● **Given information**:
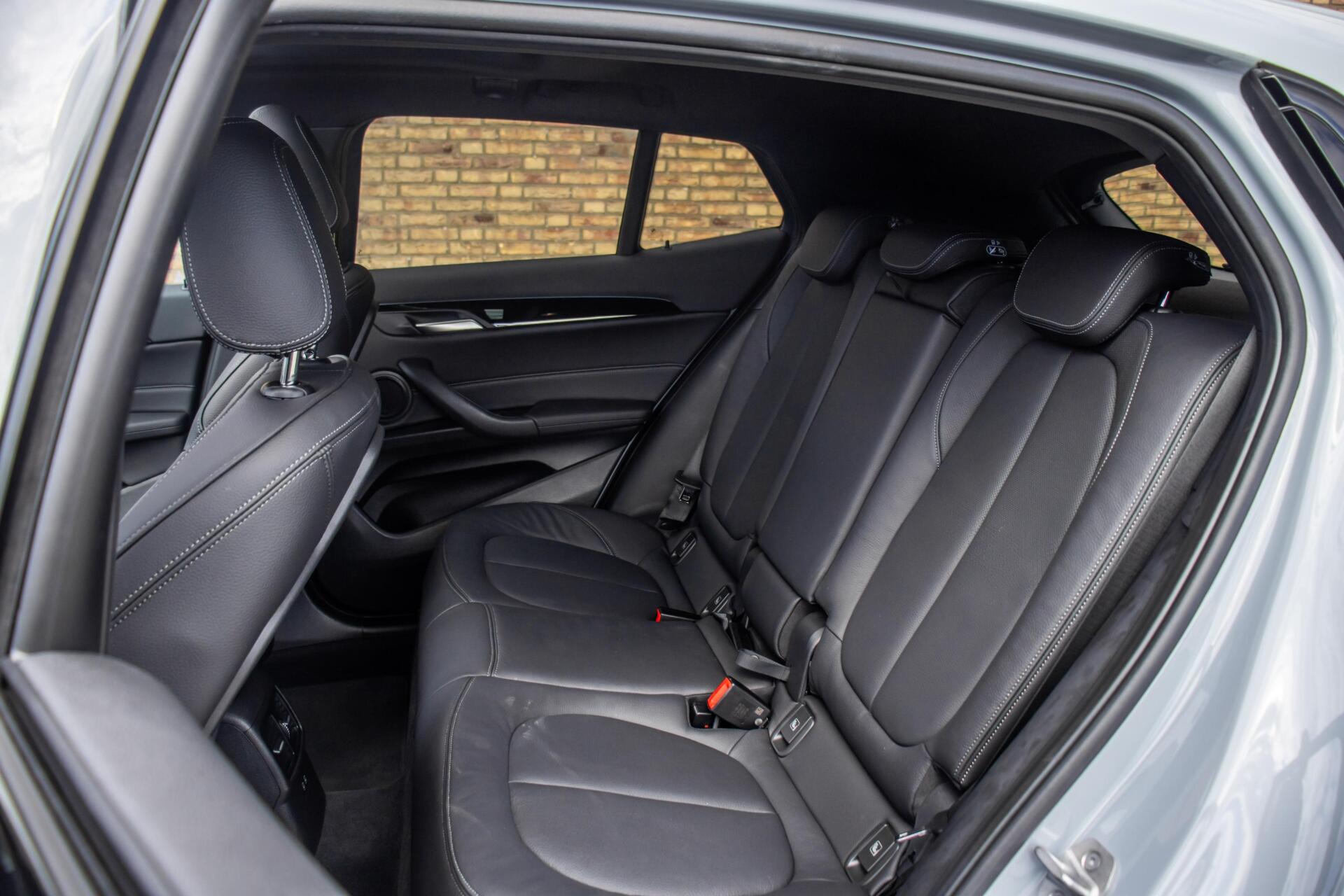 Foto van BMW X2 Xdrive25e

...

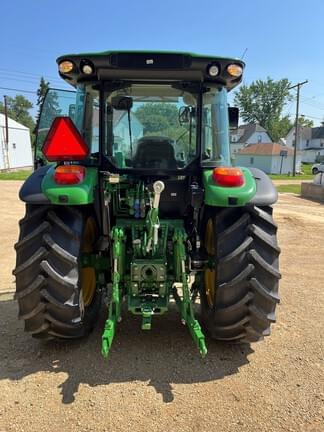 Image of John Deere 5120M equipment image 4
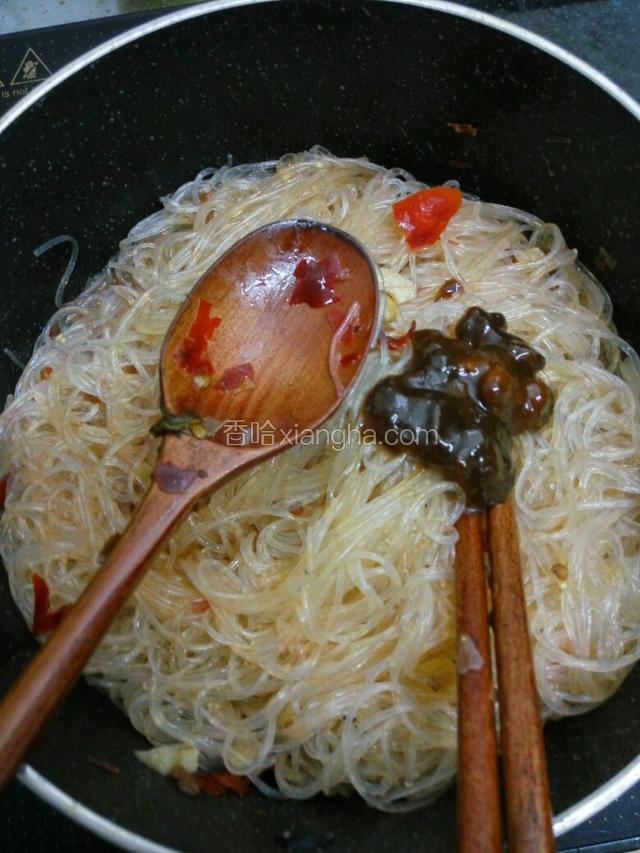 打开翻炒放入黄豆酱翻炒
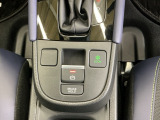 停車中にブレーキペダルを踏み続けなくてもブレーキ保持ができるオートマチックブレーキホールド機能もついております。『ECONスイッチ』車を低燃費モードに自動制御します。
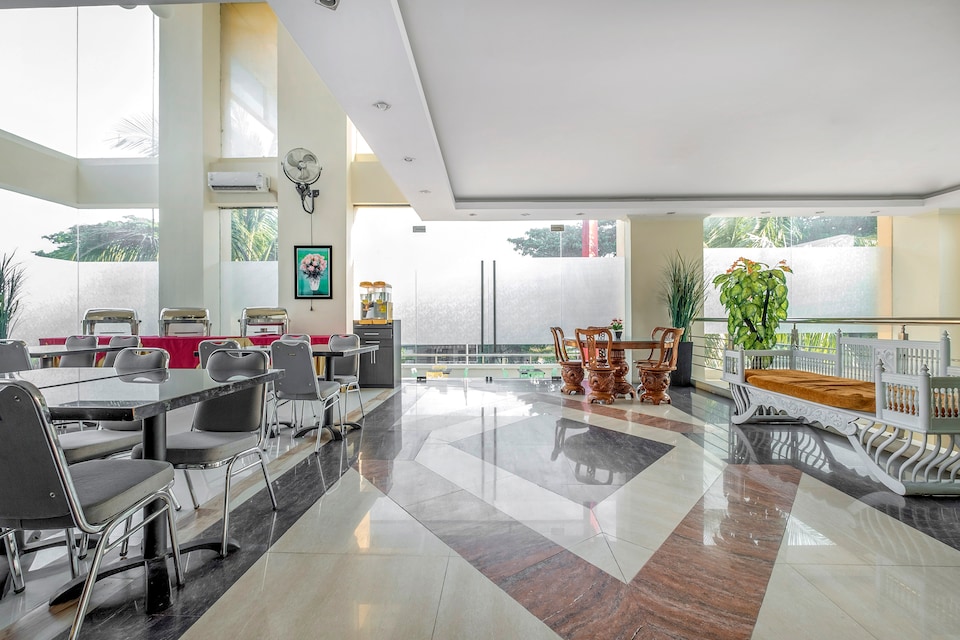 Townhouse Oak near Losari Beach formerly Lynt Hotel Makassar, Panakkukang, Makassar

...

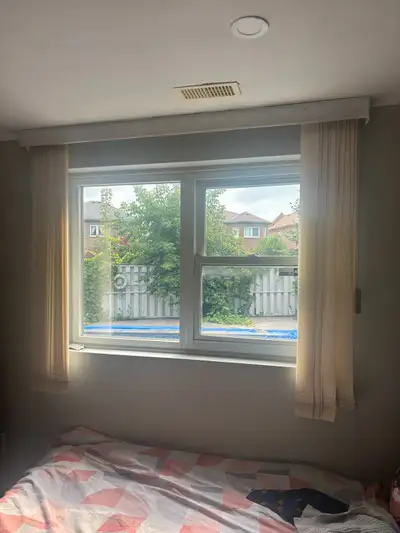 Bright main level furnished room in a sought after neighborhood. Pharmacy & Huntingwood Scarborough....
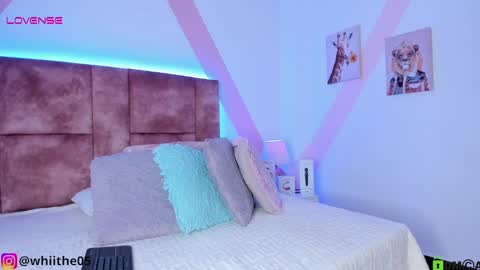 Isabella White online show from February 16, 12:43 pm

● **Exercise**:
In the listing above, find the line containing "打开翻炒放入黄豆酱翻炒". Output it and every line after it up to and including the line containing "Townhouse Oak near", exactly, but skip the pictures.

● **Reply**:
 打开翻炒放入黄豆酱翻炒
 停車中にブレーキペダルを踏み続けなくてもブレーキ保持ができるオートマチックブレーキホールド機能もついております。『ECONスイッチ』車を低燃費モードに自動制御します。
 Townhouse Oak near Losari Beach formerly Lynt Hotel Makassar, Panakkukang, Makassar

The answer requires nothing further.